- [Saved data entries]
========================

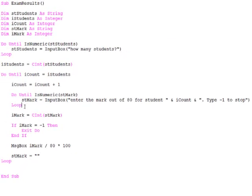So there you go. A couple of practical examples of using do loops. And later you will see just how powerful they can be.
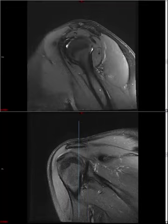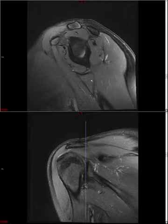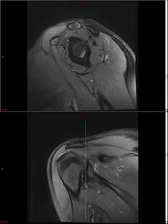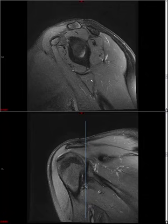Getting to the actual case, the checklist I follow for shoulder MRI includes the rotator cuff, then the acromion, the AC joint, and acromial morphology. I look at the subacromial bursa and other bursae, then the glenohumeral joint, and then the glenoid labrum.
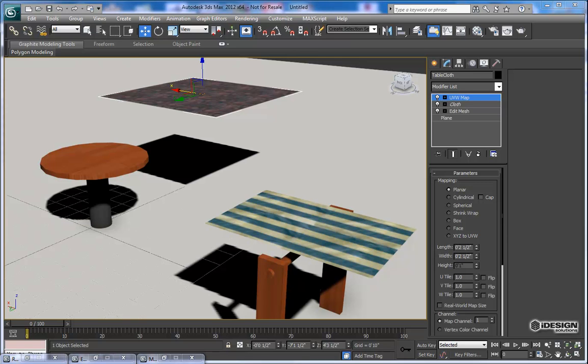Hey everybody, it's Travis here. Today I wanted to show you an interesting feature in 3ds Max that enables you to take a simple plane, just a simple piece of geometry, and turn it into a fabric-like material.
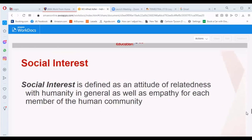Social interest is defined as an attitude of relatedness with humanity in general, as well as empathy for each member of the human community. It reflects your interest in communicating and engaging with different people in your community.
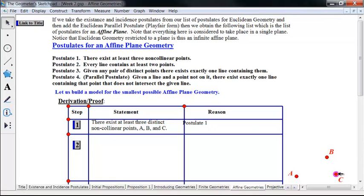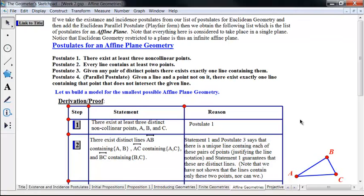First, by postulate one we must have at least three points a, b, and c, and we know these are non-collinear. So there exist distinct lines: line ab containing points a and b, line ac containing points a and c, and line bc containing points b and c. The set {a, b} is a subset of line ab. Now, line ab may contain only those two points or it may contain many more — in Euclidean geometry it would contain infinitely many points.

========================

- [Assigned task] Copy only the lines above from the one containing "Getting to the" through the one containing "Hey everybody, it's", both included. Leave out the pictures.

- [Result]
Getting to the actual case, the checklist I follow for shoulder MRI includes the rotator cuff, then the acromion, the AC joint, and acromial morphology. I look at the subacromial bursa and other bursae, then the glenohumeral joint, and then the glenoid labrum.
Hey everybody, it's Travis here. Today I wanted to show you an interesting feature in 3ds Max that enables you to take a simple plane, just a simple piece of geometry, and turn it into a fabric-like material.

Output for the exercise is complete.